SOURCE INFORMATION section start

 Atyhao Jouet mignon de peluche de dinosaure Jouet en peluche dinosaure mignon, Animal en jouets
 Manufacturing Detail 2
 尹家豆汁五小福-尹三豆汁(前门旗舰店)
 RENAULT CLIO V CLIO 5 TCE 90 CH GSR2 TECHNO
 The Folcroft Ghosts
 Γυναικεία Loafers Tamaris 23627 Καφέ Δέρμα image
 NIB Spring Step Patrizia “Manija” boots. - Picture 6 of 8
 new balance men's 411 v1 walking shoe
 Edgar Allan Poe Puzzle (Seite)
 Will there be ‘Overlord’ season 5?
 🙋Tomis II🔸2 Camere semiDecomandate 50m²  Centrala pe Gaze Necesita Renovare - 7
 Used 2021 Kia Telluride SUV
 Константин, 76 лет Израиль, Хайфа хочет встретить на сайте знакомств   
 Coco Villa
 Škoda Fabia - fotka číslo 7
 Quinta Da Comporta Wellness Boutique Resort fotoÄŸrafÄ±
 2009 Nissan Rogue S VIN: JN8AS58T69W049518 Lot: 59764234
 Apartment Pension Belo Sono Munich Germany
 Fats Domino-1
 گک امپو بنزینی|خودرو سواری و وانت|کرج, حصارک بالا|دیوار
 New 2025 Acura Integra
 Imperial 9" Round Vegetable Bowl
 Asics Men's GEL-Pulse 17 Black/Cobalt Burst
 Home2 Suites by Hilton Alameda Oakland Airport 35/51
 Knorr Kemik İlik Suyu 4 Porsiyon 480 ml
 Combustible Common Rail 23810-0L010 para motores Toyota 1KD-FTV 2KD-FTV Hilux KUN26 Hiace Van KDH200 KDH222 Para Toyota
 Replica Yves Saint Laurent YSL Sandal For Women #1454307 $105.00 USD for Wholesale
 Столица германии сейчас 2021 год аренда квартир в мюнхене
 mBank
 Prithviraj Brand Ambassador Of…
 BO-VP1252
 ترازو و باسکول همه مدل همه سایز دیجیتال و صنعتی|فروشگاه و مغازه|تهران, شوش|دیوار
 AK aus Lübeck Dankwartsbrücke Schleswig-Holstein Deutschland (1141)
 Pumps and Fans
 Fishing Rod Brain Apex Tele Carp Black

SOURCE INFORMATION section end

:: WORK REQUIRED ::
Print only what lies in the material above starting at the line with "Used 2021 Kia Telluride SUV" and ending at the line with "Replica Yves Saint", every line exactly as given.

:: WRITTEN SOLUTION ::
 Used 2021 Kia Telluride SUV
 Константин, 76 лет Израиль, Хайфа хочет встретить на сайте знакомств   
 Coco Villa
 Škoda Fabia - fotka číslo 7
 Quinta Da Comporta Wellness Boutique Resort fotoÄŸrafÄ±
 2009 Nissan Rogue S VIN: JN8AS58T69W049518 Lot: 59764234
 Apartment Pension Belo Sono Munich Germany
 Fats Domino-1
 گک امپو بنزینی|خودرو سواری و وانت|کرج, حصارک بالا|دیوار
 New 2025 Acura Integra
 Imperial 9" Round Vegetable Bowl
 Asics Men's GEL-Pulse 17 Black/Cobalt Burst
 Home2 Suites by Hilton Alameda Oakland Airport 35/51
 Knorr Kemik İlik Suyu 4 Porsiyon 480 ml
 Combustible Common Rail 23810-0L010 para motores Toyota 1KD-FTV 2KD-FTV Hilux KUN26 Hiace Van KDH200 KDH222 Para Toyota
 Replica Yves Saint Laurent YSL Sandal For Women #1454307 $105.00 USD for Wholesale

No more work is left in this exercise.